Simple explanation of MapReduce?

reefnet_alex picture reefnet_alex · Aug 26, 2008 · Viewed 70k times · Source

Related to my CouchDB question.

Can anyone explain MapReduce in terms a numbnuts could understand?

Answer

chakrit picture chakrit · Aug 27, 2008

Going all the way down to the basics for Map and Reduce.


Map is a function which "transforms" items in some kind of list to another kind of item and put them back in the same kind of list.

suppose I have a list of numbers: [1,2,3] and I want to double every number, in this case, the function to "double every number" is function x = x * 2. And without mappings, I could write a simple loop, say

A = [1, 2, 3]
foreach (item in A) A[item] = A[item] * 2

and I'd have A = [2, 4, 6] but instead of writing loops, if I have a map function I could write

A = [1, 2, 3].Map(x => x * 2)

the x => x * 2 is a function to be executed against the elements in [1,2,3]. What happens is that the program takes each item, execute (x => x * 2) against it by making x equals to each item, and produce a list of the results.

1 : 1 => 1 * 2 : 2  
2 : 2 => 2 * 2 : 4  
3 : 3 => 3 * 2 : 6  

so after executing the map function with (x => x * 2) you'd have [2, 4, 6].

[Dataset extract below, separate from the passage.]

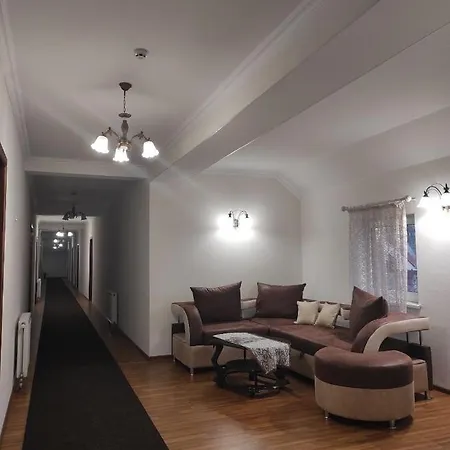 фортуна * Mizhhirya (Transcarpathia)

Reduce is a function which "collects" the items in lists and perform some computation on all of them, thus reducing them to a single value.

Finding a sum or finding averages are all instances of a reduce function. Such as if you have a list of numbers, say [7, 8, 9] and you want them summed up, you'd write a loop like this

A = [7, 8, 9]
sum = 0
foreach (item in A) sum = sum + A[item]

But, if you have access to a reduce function, you could write it like this

A = [7, 8, 9]
sum = A.reduce( 0, (x, y) => x + y )

Now it's a little confusing why there are 2 arguments (0 and the function with x and y) passed. For a reduce function to be useful, it must be able to take 2 items, compute something and "reduce" that 2 items to just one single value, thus the program could reduce each pair until we have a single value.

the execution would follows:

result = 0
7 : result = result + 7 = 0 + 7 = 7
8 : result = result + 8 = 7 + 8 = 15
9 : result = result + 9 = 15 + 9 = 24

But you don't want to start with zeroes all the time, so the first argument is there to let you specify a seed value specifically the value in the first result = line.

say you want to sum 2 lists, it might look like this:

A = [7, 8, 9]
B = [1, 2, 3]
sum = 0
sum = A.reduce( sum, (x, y) => x + y )
sum = B.reduce( sum, (x, y) => x + y )

or a version you'd more likely to find in the real world:

A = [7, 8, 9]
B = [1, 2, 3]

sum_func = (x, y) => x + y
sum = A.reduce( B.reduce( 0, sum_func ), sum_func )

Its a good thing in a DB software because, with Map\Reduce support you can work with the database without needing to know how the data are stored in a DB to use it, thats what a DB engine is for.

You just need to be able to "tell" the engine what you want by supplying them with either a Map or a Reduce function and then the DB engine could find its way around the data, apply your function, and come up with the results you want all without you knowing how it loops over all the records.

There are indexes and keys and joins and views and a lot of stuffs a single database could hold, so by shielding you against how the data is actually stored, your code are made easier to write and maintain.

Same goes for parallel programming, if you only specify what you want to do with the data instead of actually implementing the looping code, then the underlying infrastructure could "parallelize" and execute your function in a simultaneous parallel loop for you.